### WHAT THE TASK REQUIRES
From the first line to the last, output the data exactly as it stands, minus its pictures.

### AVAILABLE RECORDS
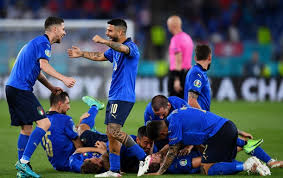 Фото © twitter / uefa euro 2020. Sbornaya Italii Stala Pervym Uchastnikom Plej Off Evro 2020 Korrespondent Net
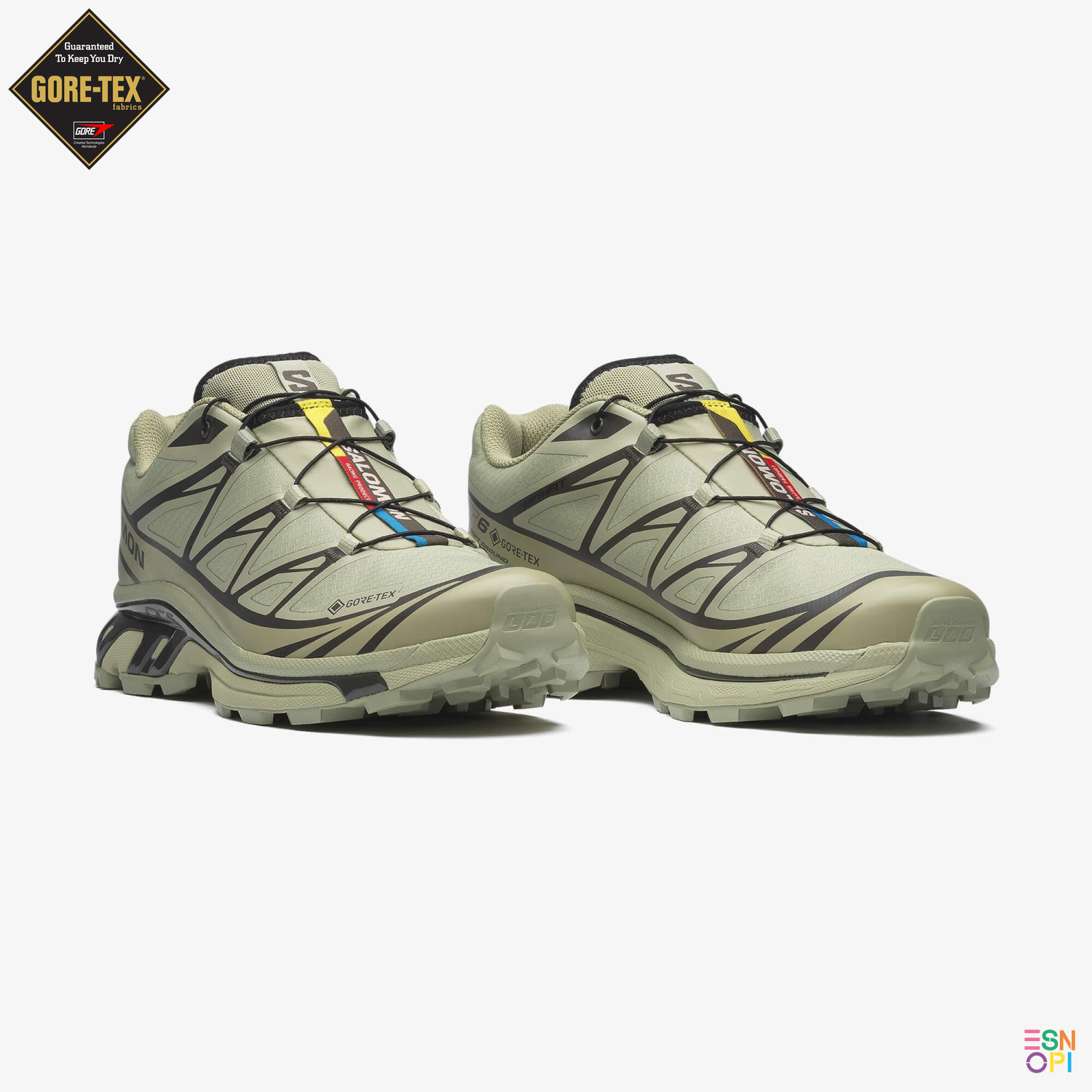 XT-6 GORE-TEX (کفش کتانی یونیسکس) XT-6 GORE-TEX (کفش کتانی یونیسکس)
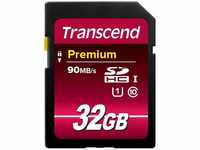 Transcend TS32GSDU1 SDHC-Speicherkarte Klasse 10 UHS-I (Premium),...
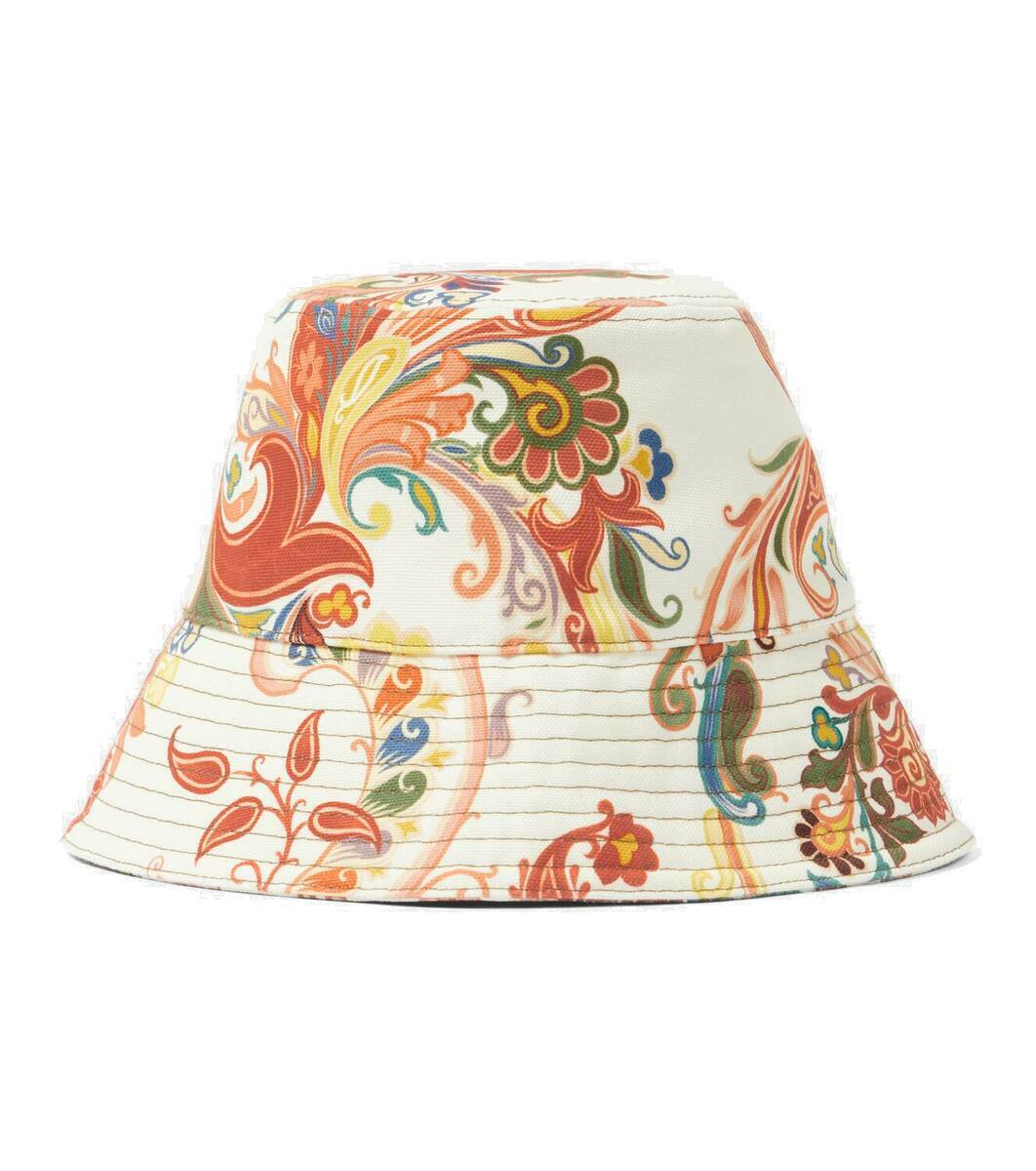Etro Paisley cotton bucket hat Etro display picture 3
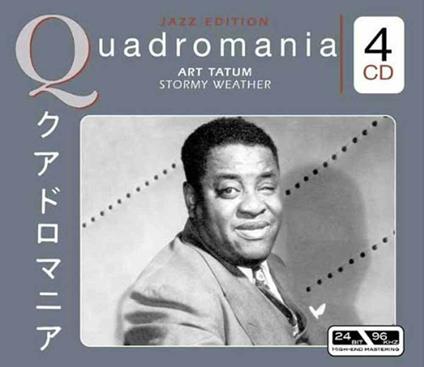 Stormy Weather - CD Audio di Art Tatum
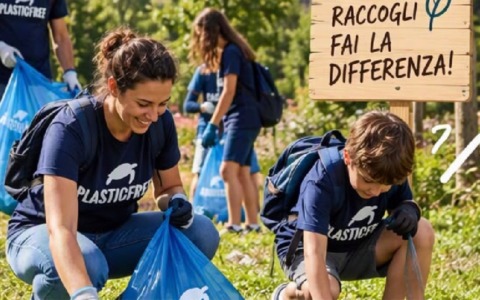 Evento Plastic Free per l’ambiente: “Caccia al rifiuto” a Monterosso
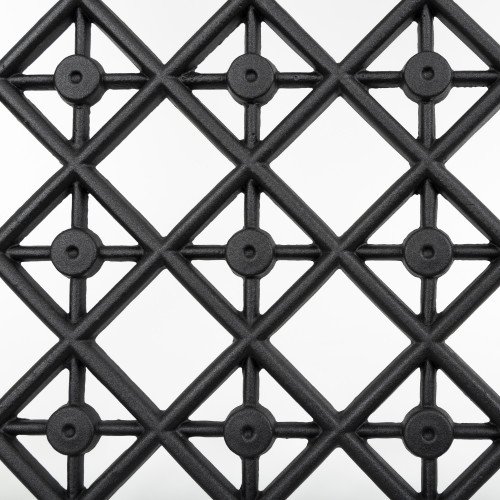  Grille de porte d'entrée R 467 H:100 x l:56 (5333) de KS Lighting - Grilles de porte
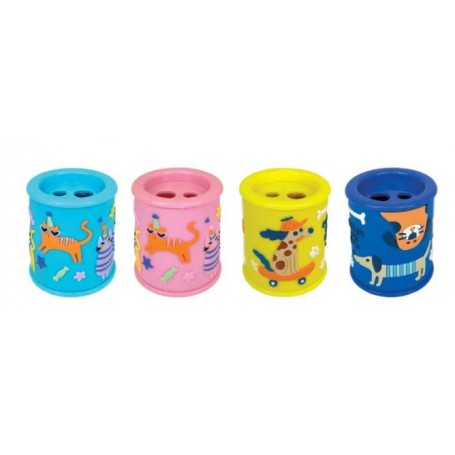 TEMPERAMATITE LEBEZ CON SERBATOIO 2 FORI GROOVY CATS E DOG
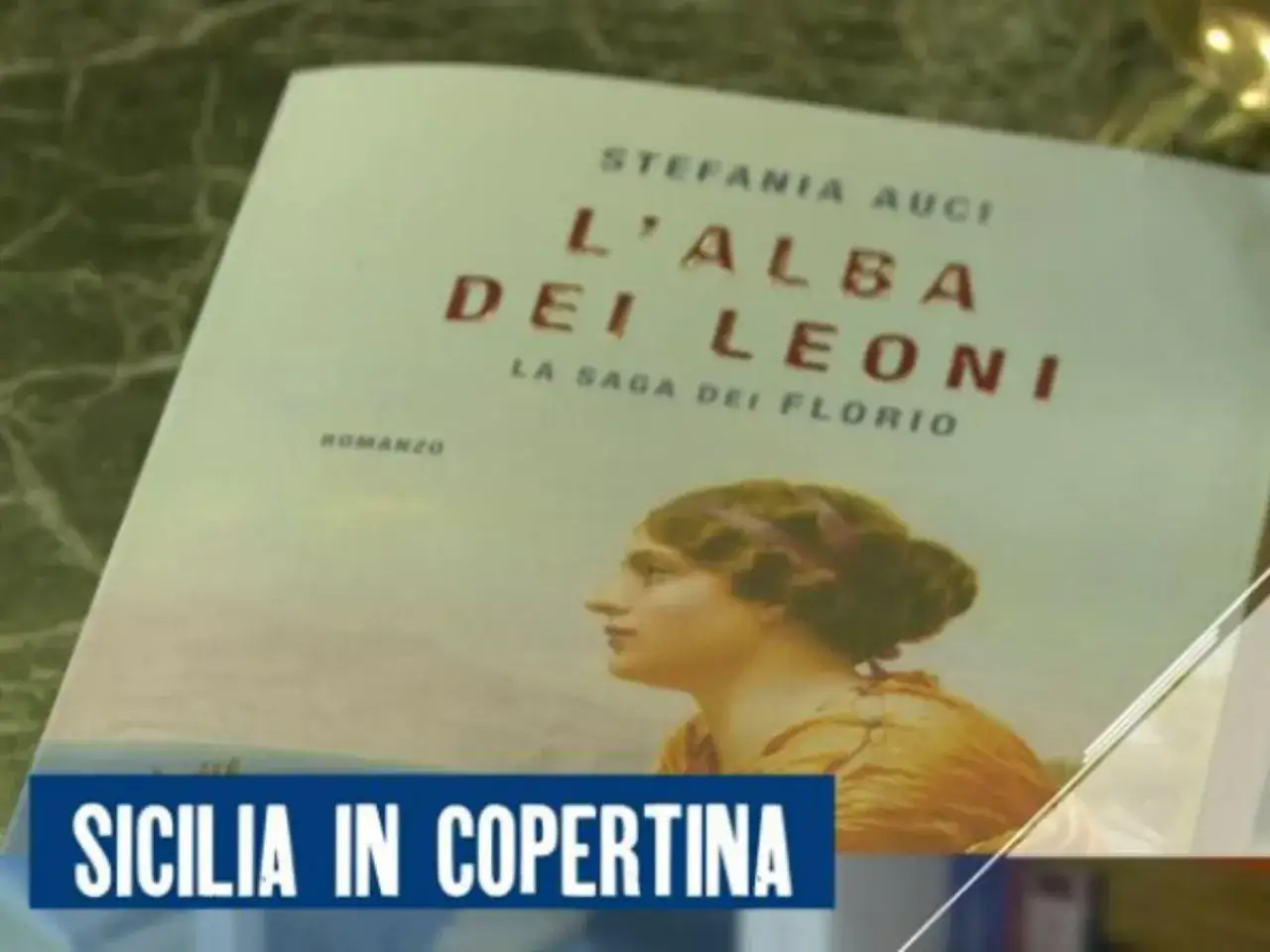 Copertina del nuovo libro di Stefania Auci, 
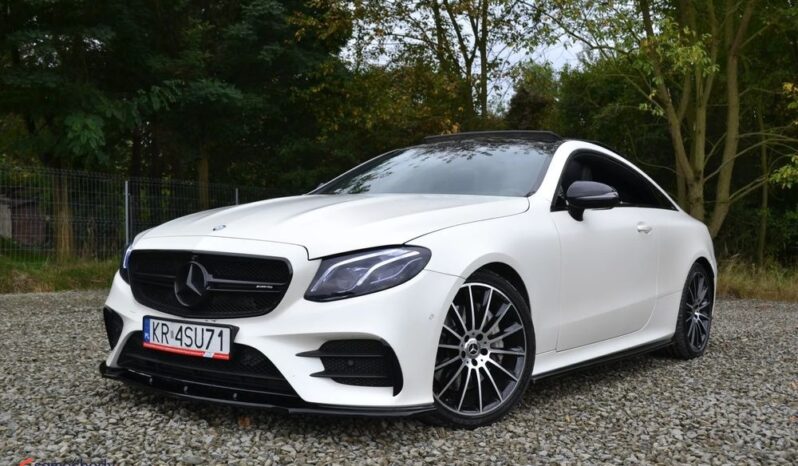 MERCEDES-BENZ Klasa E | RWD (tył) | Automatyczna | 245 KM | Biały full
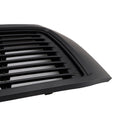 Rejilla de parachoques delantero negro mate compatible con Toyota Tundra 2006-2009-4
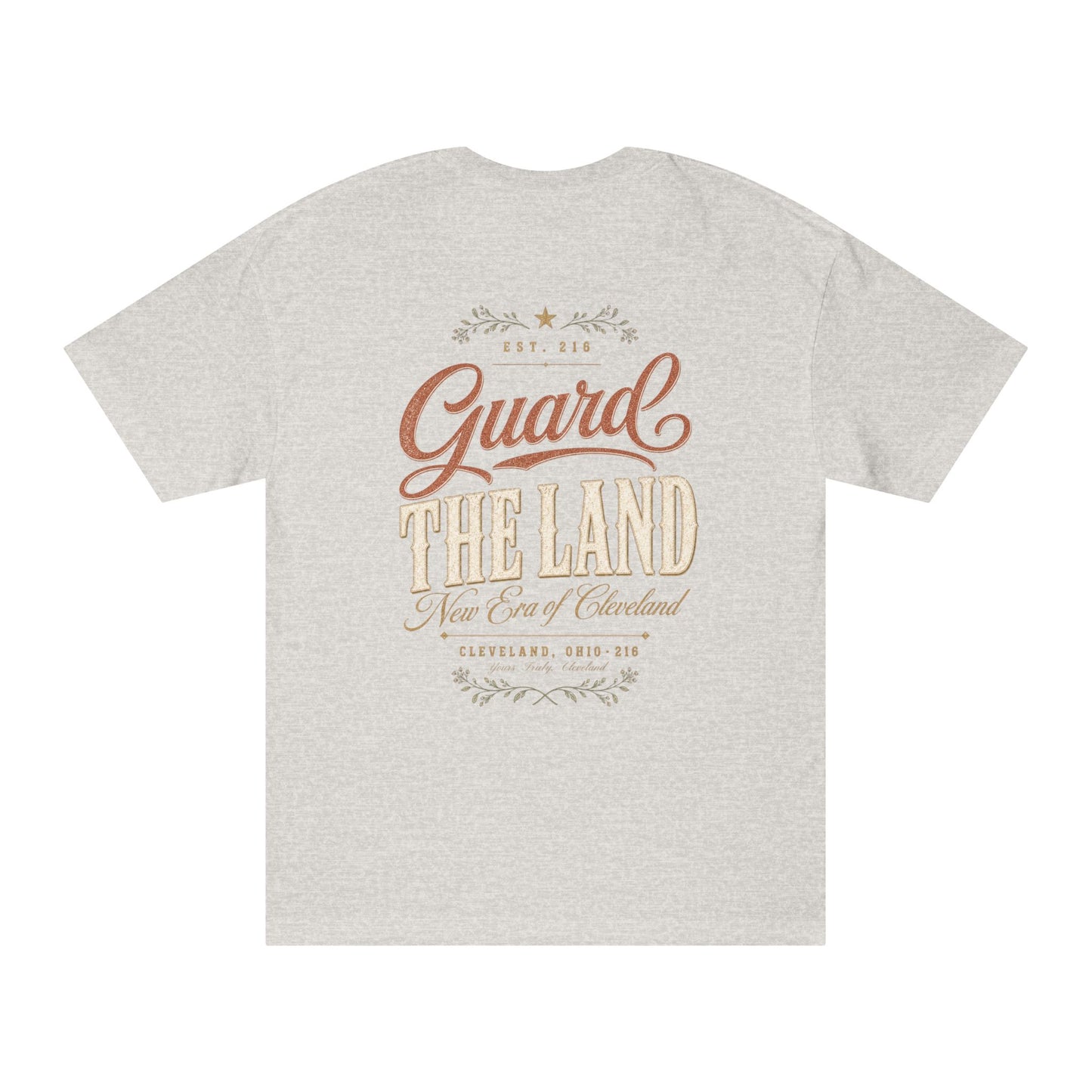 Cleveland Baseball Tee — Guard The Land New Era Graphic Shirt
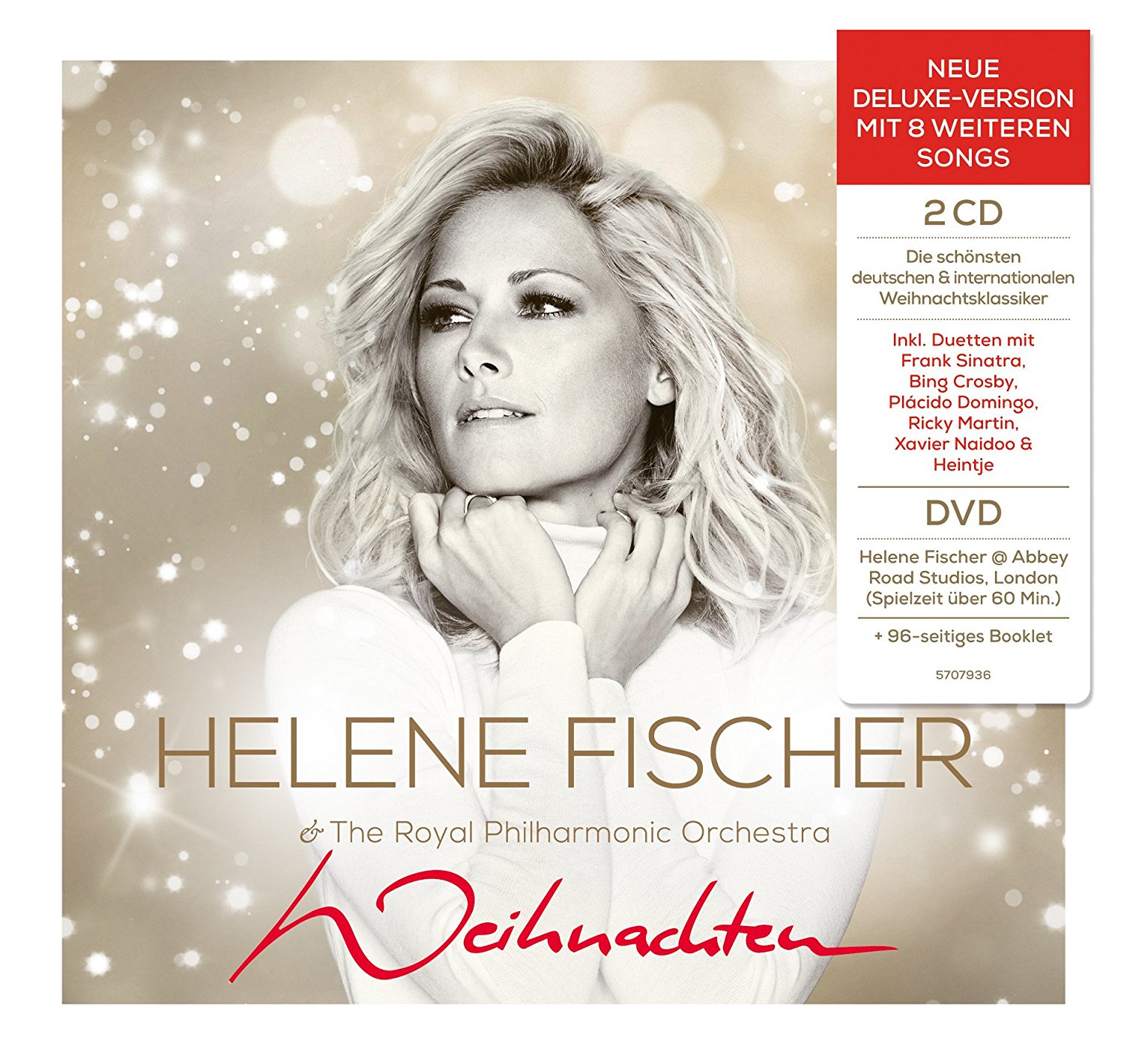 Helene Fischer Weihnachten 2022 Cd Helene Fischer Weihnachten (deluxe Version) Babykurs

### RESULT
 Фото © twitter / uefa euro 2020. Sbornaya Italii Stala Pervym Uchastnikom Plej Off Evro 2020 Korrespondent Net
 XT-6 GORE-TEX (کفش کتانی یونیسکس) XT-6 GORE-TEX (کفش کتانی یونیسکس)
 Transcend TS32GSDU1 SDHC-Speicherkarte Klasse 10 UHS-I (Premium),...
Etro Paisley cotton bucket hat Etro display picture 3
 Stormy Weather - CD Audio di Art Tatum
 Evento Plastic Free per l’ambiente: “Caccia al rifiuto” a Monterosso
  Grille de porte d'entrée R 467 H:100 x l:56 (5333) de KS Lighting - Grilles de porte
 TEMPERAMATITE LEBEZ CON SERBATOIO 2 FORI GROOVY CATS E DOG
 Copertina del nuovo libro di Stefania Auci, 
 MERCEDES-BENZ Klasa E | RWD (tył) | Automatyczna | 245 KM | Biały full
 Rejilla de parachoques delantero negro mate compatible con Toyota Tundra 2006-2009-4
 Cleveland Baseball Tee — Guard The Land New Era Graphic Shirt
 Helene Fischer Weihnachten 2022 Cd Helene Fischer Weihnachten (deluxe Version) Babykurs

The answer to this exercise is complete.